*** Study material Section Begins ***

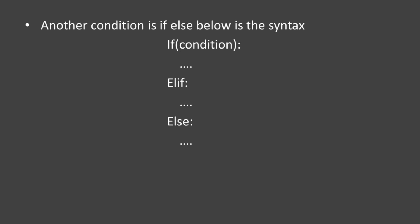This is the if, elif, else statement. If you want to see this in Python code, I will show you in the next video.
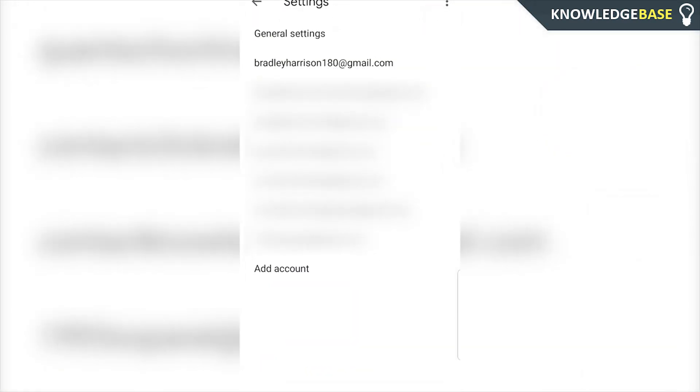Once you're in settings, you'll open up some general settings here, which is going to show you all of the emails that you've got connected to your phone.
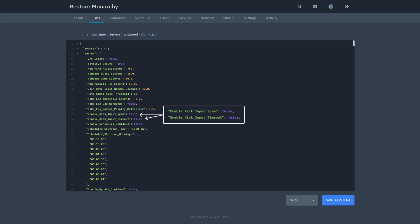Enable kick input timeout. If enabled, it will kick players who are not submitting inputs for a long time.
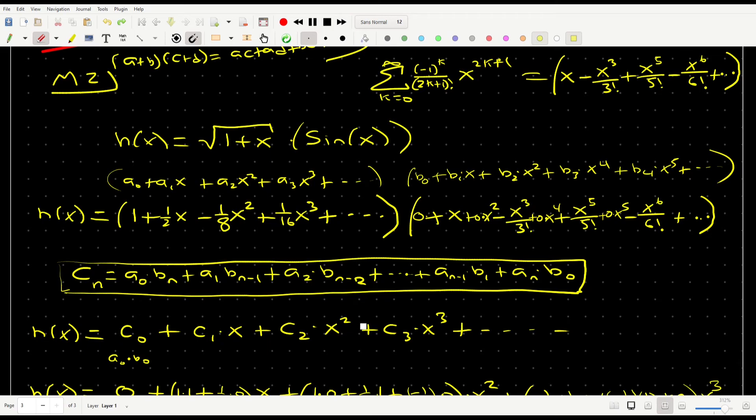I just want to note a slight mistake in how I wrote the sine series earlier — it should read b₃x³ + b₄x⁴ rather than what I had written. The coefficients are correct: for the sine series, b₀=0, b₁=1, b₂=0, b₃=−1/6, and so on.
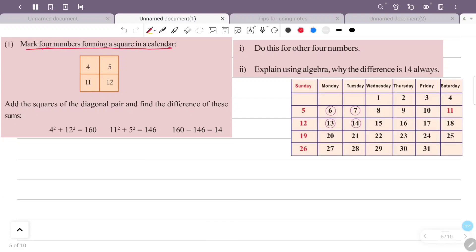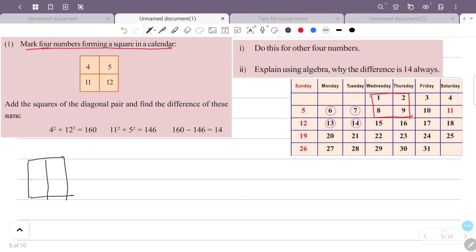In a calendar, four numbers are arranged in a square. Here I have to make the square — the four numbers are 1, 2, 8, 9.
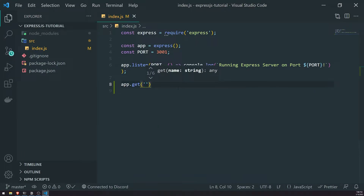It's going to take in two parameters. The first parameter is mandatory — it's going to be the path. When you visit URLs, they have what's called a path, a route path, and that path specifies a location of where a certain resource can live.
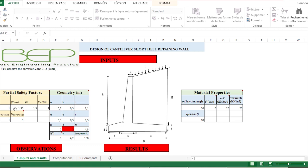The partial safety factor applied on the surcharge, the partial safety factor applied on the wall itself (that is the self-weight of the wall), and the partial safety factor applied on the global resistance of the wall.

*** Study material Section Ends ***
*** Study material Section Begins ***

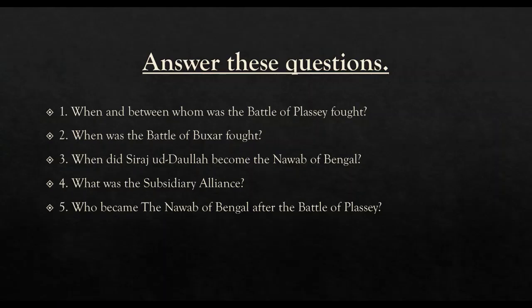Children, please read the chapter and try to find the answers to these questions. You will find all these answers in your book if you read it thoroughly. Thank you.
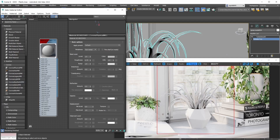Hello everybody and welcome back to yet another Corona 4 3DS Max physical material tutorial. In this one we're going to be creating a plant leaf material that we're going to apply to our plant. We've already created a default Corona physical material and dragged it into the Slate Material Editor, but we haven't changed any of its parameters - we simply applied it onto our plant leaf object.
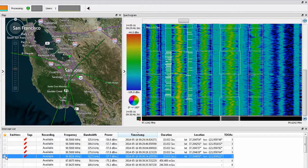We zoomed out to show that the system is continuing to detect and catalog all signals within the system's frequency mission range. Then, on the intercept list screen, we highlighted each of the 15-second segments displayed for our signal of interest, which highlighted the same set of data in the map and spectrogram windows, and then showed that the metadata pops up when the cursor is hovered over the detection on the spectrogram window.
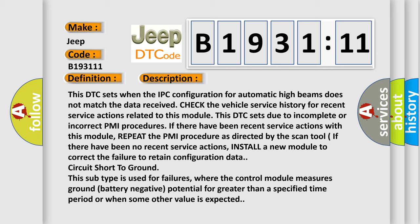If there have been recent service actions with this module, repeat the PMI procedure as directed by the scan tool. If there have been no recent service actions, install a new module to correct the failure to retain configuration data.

*** Study material Section Ends ***

About this exercise:
Copy out exactly the material that runs from the line with "This is the" to the line with "The partial safety factor applied on the surcharge, the", ends included, and leave the pictures behind.

Solution below:
This is the if, elif, else statement. If you want to see this in Python code, I will show you in the next video.
Once you're in settings, you'll open up some general settings here, which is going to show you all of the emails that you've got connected to your phone.
Enable kick input timeout. If enabled, it will kick players who are not submitting inputs for a long time.
I just want to note a slight mistake in how I wrote the sine series earlier — it should read b₃x³ + b₄x⁴ rather than what I had written. The coefficients are correct: for the sine series, b₀=0, b₁=1, b₂=0, b₃=−1/6, and so on.
In a calendar, four numbers are arranged in a square. Here I have to make the square — the four numbers are 1, 2, 8, 9.
It's going to take in two parameters. The first parameter is mandatory — it's going to be the path. When you visit URLs, they have what's called a path, a route path, and that path specifies a location of where a certain resource can live.
The partial safety factor applied on the surcharge, the partial safety factor applied on the wall itself (that is the self-weight of the wall), and the partial safety factor applied on the global resistance of the wall.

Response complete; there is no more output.